- Instructions to follow
Transcribe exactly everything in the data below from the line containing "Downtown Apartment |" down to the line containing "Toyota RAV 4 4x4 Team - Samsaru's Car Outlet", both lines included and nothing further.

- Source information

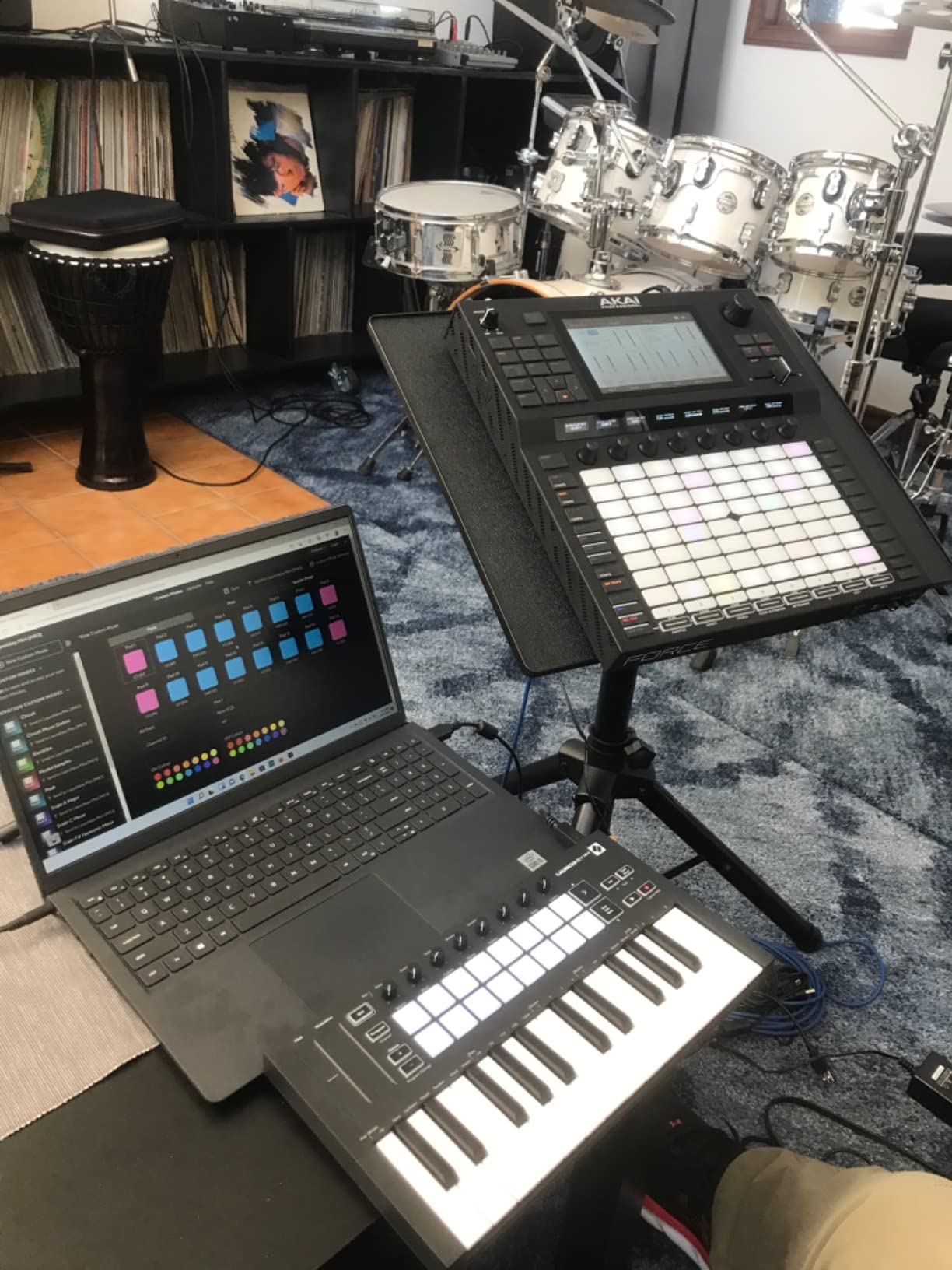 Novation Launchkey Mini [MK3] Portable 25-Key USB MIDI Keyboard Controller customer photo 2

---

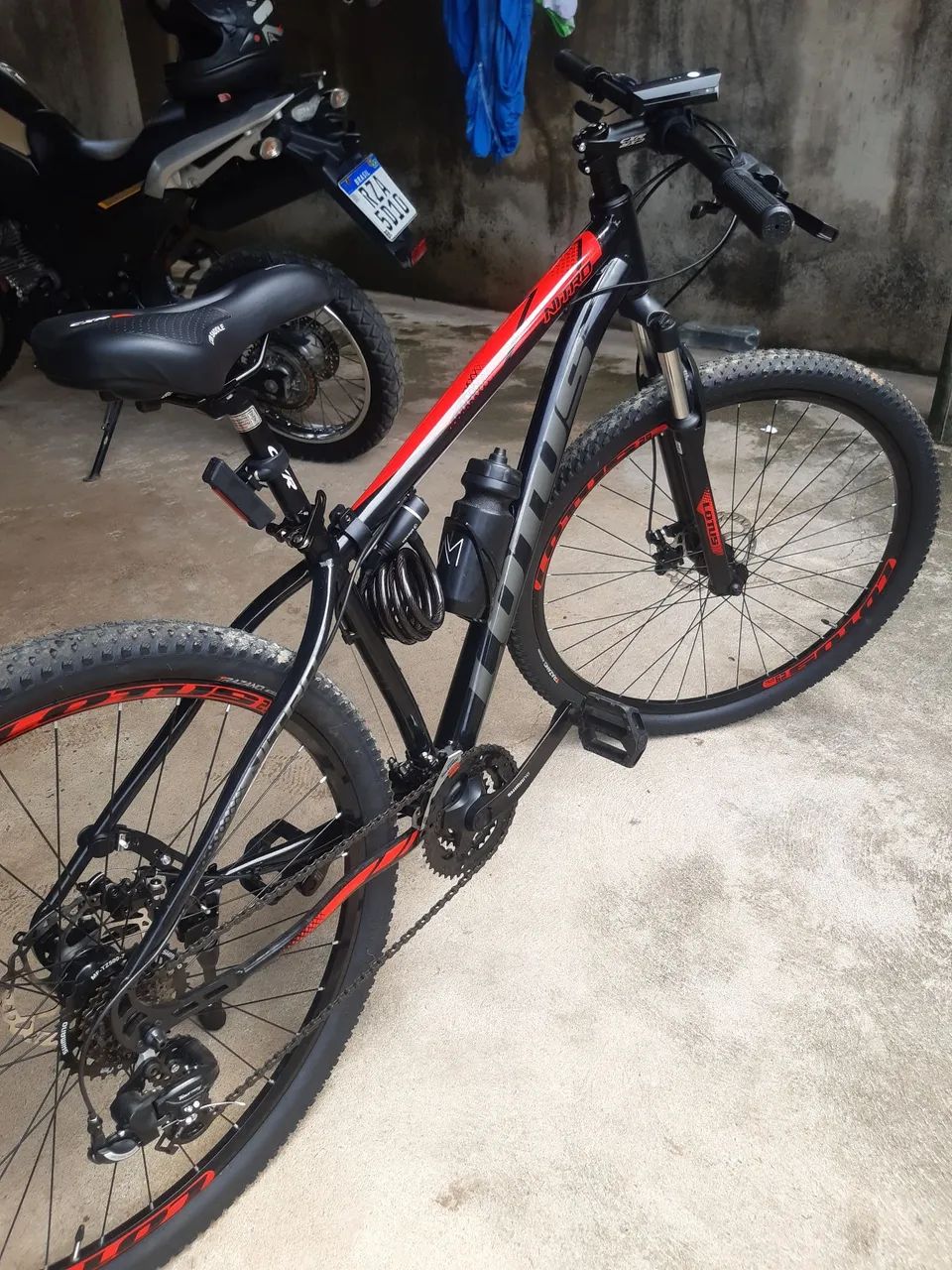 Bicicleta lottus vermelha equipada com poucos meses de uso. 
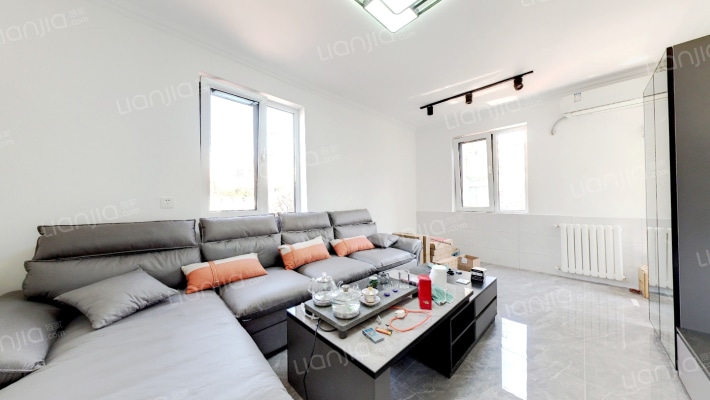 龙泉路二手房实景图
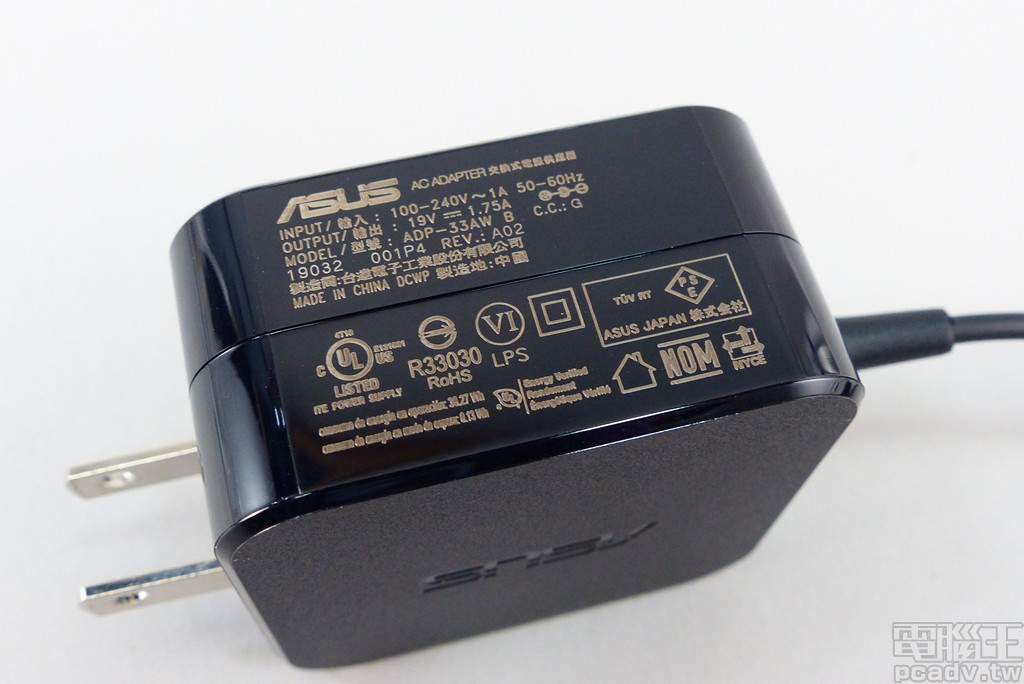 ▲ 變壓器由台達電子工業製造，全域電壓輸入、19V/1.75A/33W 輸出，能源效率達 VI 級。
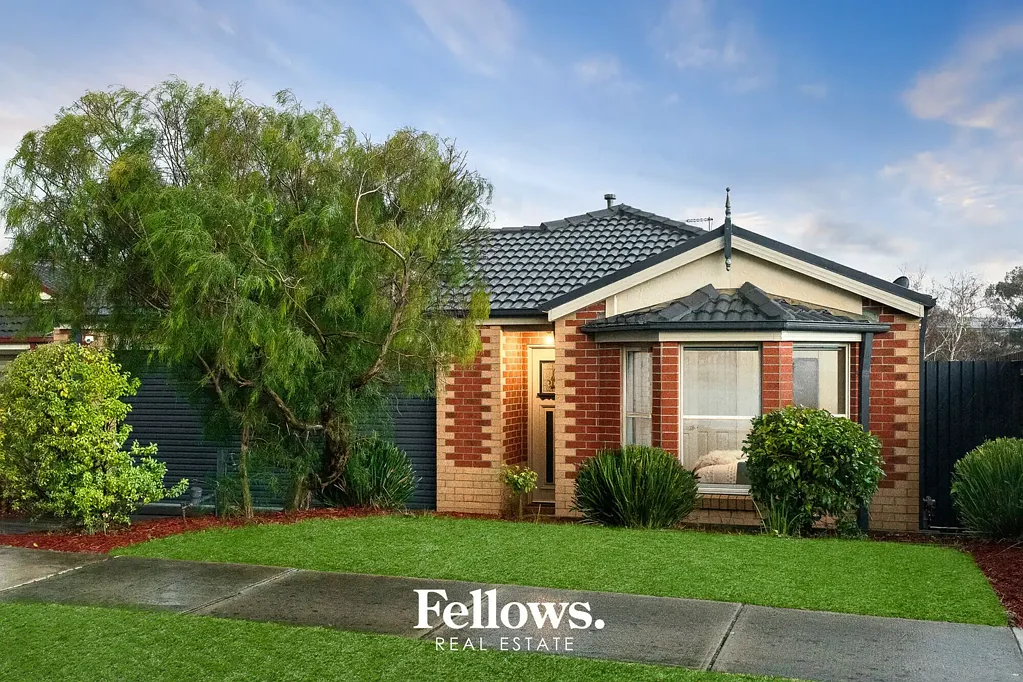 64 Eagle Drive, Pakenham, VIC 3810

---

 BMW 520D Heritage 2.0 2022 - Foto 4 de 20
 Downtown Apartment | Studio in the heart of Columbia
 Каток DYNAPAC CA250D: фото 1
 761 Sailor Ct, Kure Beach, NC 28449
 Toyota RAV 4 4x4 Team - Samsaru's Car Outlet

- Response to the exercise
 Downtown Apartment | Studio in the heart of Columbia
 Каток DYNAPAC CA250D: фото 1
 761 Sailor Ct, Kure Beach, NC 28449
 Toyota RAV 4 4x4 Team - Samsaru's Car Outlet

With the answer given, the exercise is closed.